SPONTANEITY CAN’T BE PLANNED!

Every time I’ve seen one of those dreamy ‘vanlife’ images there’s been this strange pull from within me, like something tugging at me and drawing me towards it. It’s been one of those things I look upon with heart-emoji eyes and yet I hadn’t experienced it in reality - until now.

LISTENING TO THE CALL

There’s a quote that says “Your freedom will come from the wild part of you that knows the exact way”. That wildness is your soul calling, it’s those intuitive whispers that draw you closer to who you are at your core. It’s been these whispers that have more and more drawn me to carve out a life that is in full alignment with my values. My values have changed as I have changed, and what I value now is very different to what I valued 5 years ago. What I value now is time in nature, adventure, play and a feeling of freedom - so it’s no wonder that the van life finally found me and I spent the last three weeks travelling around Sardinia with my partner so I could answer the call. However, it was the little life lessons that this trip taught me that surprised me the most.

BEING, NOT DOING

When I left for this vacation I was pretty overwhelmed, alongside my growing coaching business, I also have a full-time corporate career - which at times means I don’t always follow my own advice and can struggle to switch off. The start of this holiday was no exception. I thought I could do it all; balance my business, keep my work projects ticking over, enjoy Sardinia and time with my partner. And I’m sure I could have. Then I remembered my values and realised I was completely missing the point. 

In today’s society, more and more, we are kept in our masculine energy, the energy of doing. And that’s great when you have a deadline to meet, but when we are in this mode we are not allowing the flow of the feminine to run through us, there is no room for creation or play. Alongside this, many of us are so stuck in the energy of doing, that we don’t simply know how to just be. Don’t know what I am talking about? Try sitting for 10 minutes and doing nothing, no meditating, no reading, no checking your phone, no sipping on a cup of tea - simply be, and watch what comes up. How does it feel? What comes up for you? Are you immediately seeking distraction? 

It’s not as easy as it looks. Yet as I sat in our campervan, tapping away on my laptop while my partner was out surfing and enjoying himself, I realised that this is exactly what I needed to learn more of, the art of simply being. 

It’s amazing what happens when you let go of the grip on the doing, and come to comfort with being, somehow time seems to expand and lengthen. That’s because, in the being, you are still enough to notice the world around you. As you slow down, you realise the world does too, and that’s because in the being there is presence, with self and with everything around you.

SIMPLICITY IS BLISS

Those that know me, know that I have a packing problem. Packing is my nemesis. The organiser in me wants to pack all required outfits for all possible circumstances and weather climes.

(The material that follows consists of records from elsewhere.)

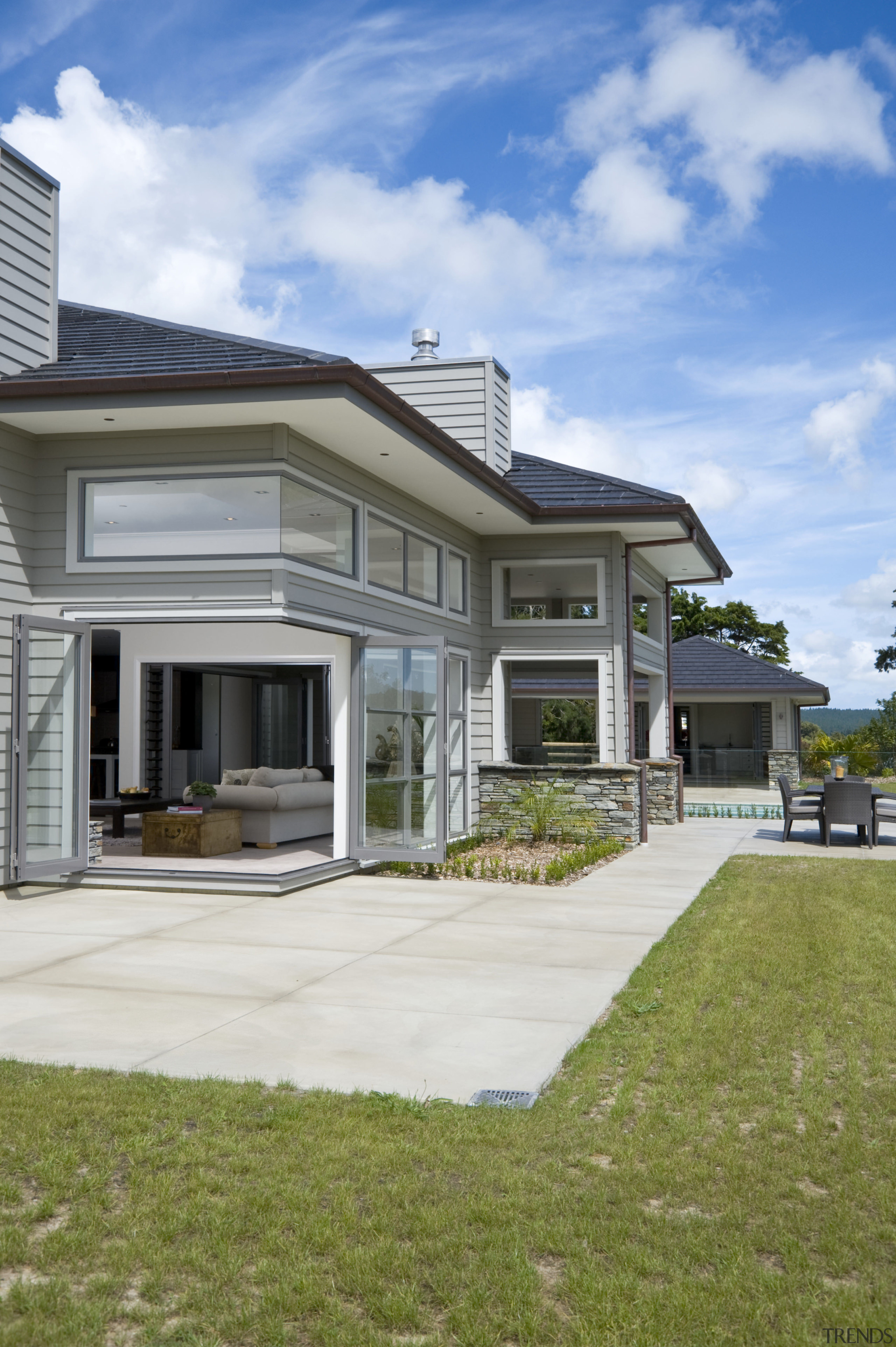 Image of this family home which creates a cottage, elevation, estate, facade, farmhouse, home, house, property, real estate, residential area, siding, sky, suburb, villa, window, yard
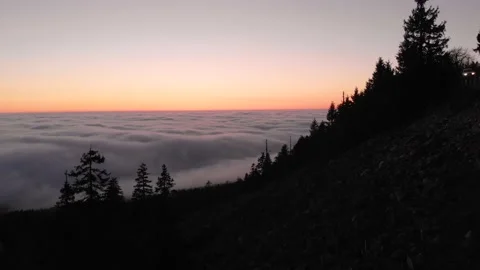 Sunset above the clouds Stock Footage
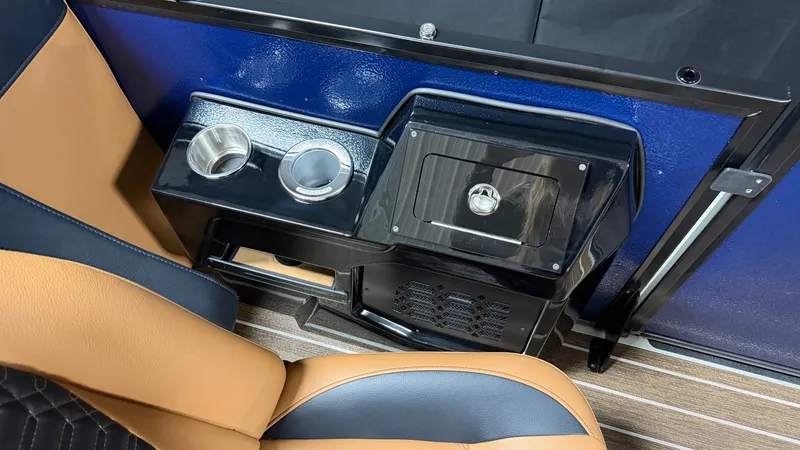 Slide: The Image of Interior of a Premier 250INTRIGUE with blue wall, brown seat, and cup holders. - 38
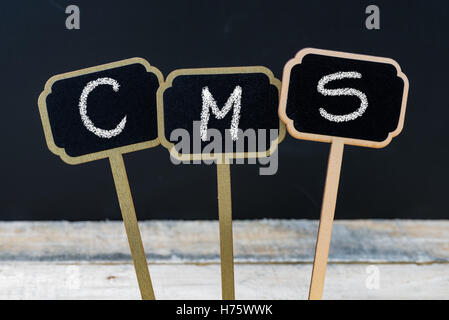 Business acronym CMS as Content Management System written with chalk on wooden mini blackboard labels Stock Photo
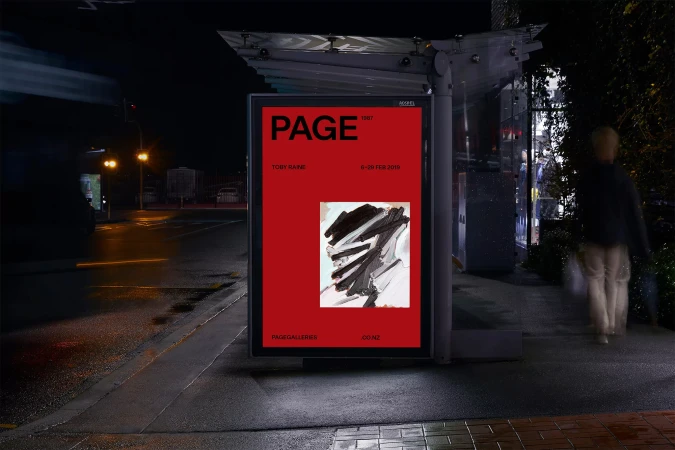 Illuminated bus stop displays an advertisement poster featuring an abstract painting on a red background at night.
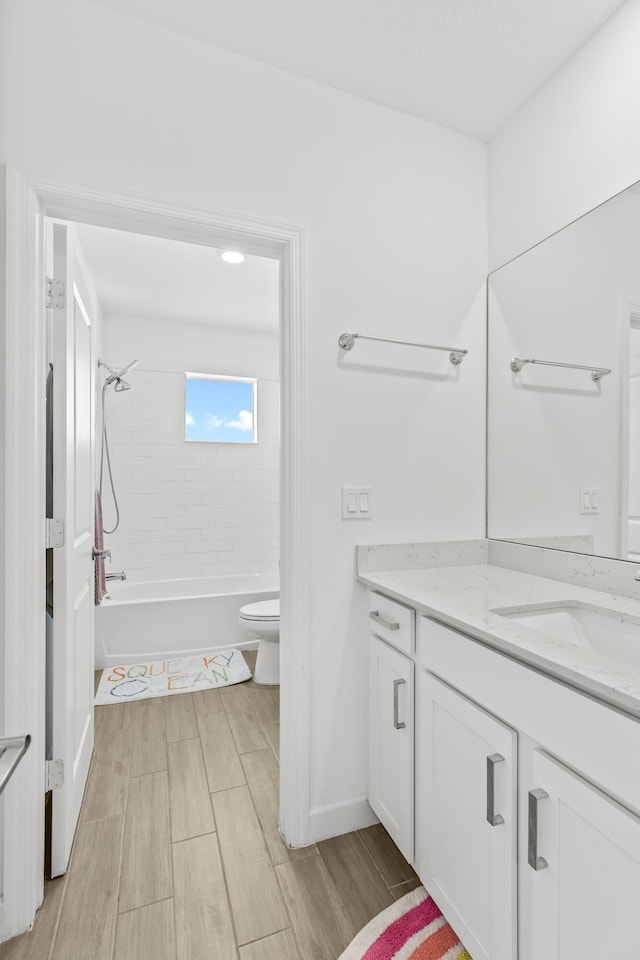 full bathroom with tiled shower / bath, vanity, and toilet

And here was I going on a three-week trip in a campervan, for kite surfing and outdoors adventures, in October - I mean where do I even begin?! There’s a whole other layer to this story that I won’t go into now, but let’s say I stripped back my usual packing ways in a bid to show my other half what an excellent ‘camper’ I was, only to visit a store the moment I arrived to buy more warm layers… sigh. 

Where I am going with this? Well, after a few days of settling in, I realised I would live in the same clothes day in and day out and not care. I used a fraction of what I packed and that was my reduced version! Living in a van also means you don’t have all your usual daily comforts around you, and yet I was happy as a clam living out of one bag. I didn’t care that I didn’t have a shower, hair straighteners, or even a toilet (I did however panic when I didn’t have access to an adequately sized bush). What I did have was what my soul values most, I had my nature, I had my adventure and play and a boatload of freedom. On top of that, I had quality time with my favourite human - I didn’t need or want anything more because my soul was lit up. I was brimming with joy. This beautiful simple, stripped-back way of living taught me a connection; to Mother Earth, to my partner and most of all to myself.

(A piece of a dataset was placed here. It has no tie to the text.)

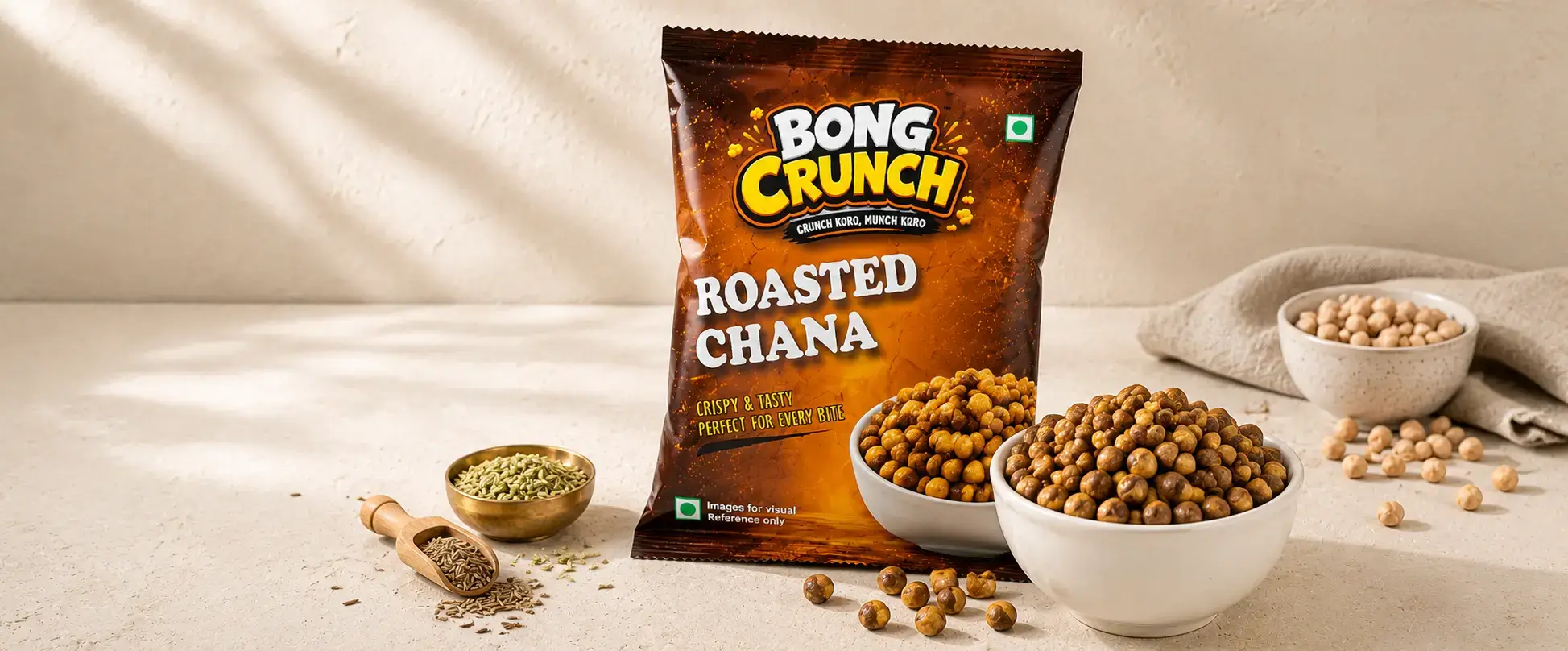 Roasted Chana packet on dark slate with bowls of roasted chickpeas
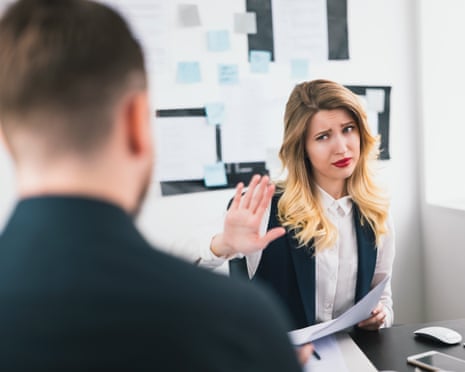 A young woman in business attire holds up her hand in a 'no' gesture to a man in a suit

HOT SHOWERS ARE AMAZEBALLS (APPRECIATE WHAT YOU HAVE) 

Speaking of simplicity… after 5 straight days of wild camping, I cannot explain the joy I felt at having my first hot shower (I also cannot explain the colour of the water as I did). I think I spent 15 solid minutes in there, luxuriating in it, thinking to myself “This is the BEST thing EVER!”. It was pure BLISS. And then it struck me - how much do we take a hot shower for granted? It took for me to be deprived of something, for me then to fully appreciate it. This thing that I have access to every day just happens. I turn on the tap and there is a steaming hot shower, and yet I’m ashamed to say it had been a long time since I’d stopped to recognise how utterly amazing it is that I have that privilege in my life.

My vanlife invited me at that moment to be fully grateful for the life I have and all that I have in it. 

And that’s what I learned, to slow down and just be, that there is bliss in living simply and to appreciate those things I ordinarily take for granted.